ウォーロックの真上をブレイドジョーカーが飛来し、オールオーバーでメイジに斬りかかった。そのたった一撃がかなり強力なのか、倒れたメイジは受けたダメージの所為で上手く立ち上がれず、その間にブレイドジョーカーはシオマネキングやカーバンクルを片っ端から斬りつけていく。

 

「な、何だ!?」

 

「馬鹿な!? ジョーカーがもう一人いるだと!!」

 

「!? あれって…」

 

「!!!」

 

ケプリや蜂女がブレイドジョーカーを見て驚き、ヒートもブレイドジョーカーの姿に気付く。

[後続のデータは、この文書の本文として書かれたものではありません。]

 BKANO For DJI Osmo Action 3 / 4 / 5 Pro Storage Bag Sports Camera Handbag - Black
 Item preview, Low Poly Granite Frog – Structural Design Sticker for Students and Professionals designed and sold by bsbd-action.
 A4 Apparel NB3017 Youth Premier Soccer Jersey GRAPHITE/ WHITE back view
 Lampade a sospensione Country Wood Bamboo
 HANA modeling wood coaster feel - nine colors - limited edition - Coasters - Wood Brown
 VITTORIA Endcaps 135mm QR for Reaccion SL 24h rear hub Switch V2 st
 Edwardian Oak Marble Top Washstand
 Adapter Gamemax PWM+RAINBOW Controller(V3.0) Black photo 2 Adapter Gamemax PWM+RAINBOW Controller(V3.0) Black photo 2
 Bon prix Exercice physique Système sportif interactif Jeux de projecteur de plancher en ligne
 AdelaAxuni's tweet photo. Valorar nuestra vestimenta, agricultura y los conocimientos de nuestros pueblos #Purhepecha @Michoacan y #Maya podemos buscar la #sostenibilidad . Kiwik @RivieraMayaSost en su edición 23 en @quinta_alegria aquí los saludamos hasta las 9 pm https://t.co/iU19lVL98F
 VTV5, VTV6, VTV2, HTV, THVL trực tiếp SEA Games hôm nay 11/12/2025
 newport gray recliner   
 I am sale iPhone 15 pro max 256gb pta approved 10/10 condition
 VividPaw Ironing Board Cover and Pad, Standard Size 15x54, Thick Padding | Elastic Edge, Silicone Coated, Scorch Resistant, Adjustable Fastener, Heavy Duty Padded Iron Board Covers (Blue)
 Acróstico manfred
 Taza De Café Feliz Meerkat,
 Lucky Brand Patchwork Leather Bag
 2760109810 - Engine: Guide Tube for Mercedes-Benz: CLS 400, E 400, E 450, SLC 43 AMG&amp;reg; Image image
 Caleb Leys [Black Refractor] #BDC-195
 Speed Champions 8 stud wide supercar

そしてその場で誰よりも一番驚いていたのは、他でもないカリスだった。

 

「まさか……お前なのか…?」

 

 

 

 

 

 

 

 

 

 

 

 

 

 

 

 

 

 

 

 

 

 

 

 

 

 

 

 

 

 

 

 

 

 

 

 

「剣崎…!!」

 

 

 

 

 

 

 

 

 

 

 

 

 

 

 

 

 

 

 

 

 

 

 

 

 

 

 

 

 

 

 

 

 

 

 

 

 

 

 

 

 

 

 

 

 

 

 

 

 

 

 

 

 

 

 

 

 

 

 

 

 

 

 

場所は変わり、風都のとある路地裏…

 

 

 

 

「うぁ、あ……ぁ…」

 

一人の女性が、力なく地面に倒れ伏していた。そんな彼女のすぐ近くでは…

 

 

 

 

 

 

 

 

 

 

 

 

 

 

 

 

「うぅ~む…………これまた実に、エキサイティングゥ~…!!」

 

 

 

 

 

 

 

 

 

 

 

 

 

 

 

 

薙刀を装備したファントムが、快楽に満ちた声を上げているのだった。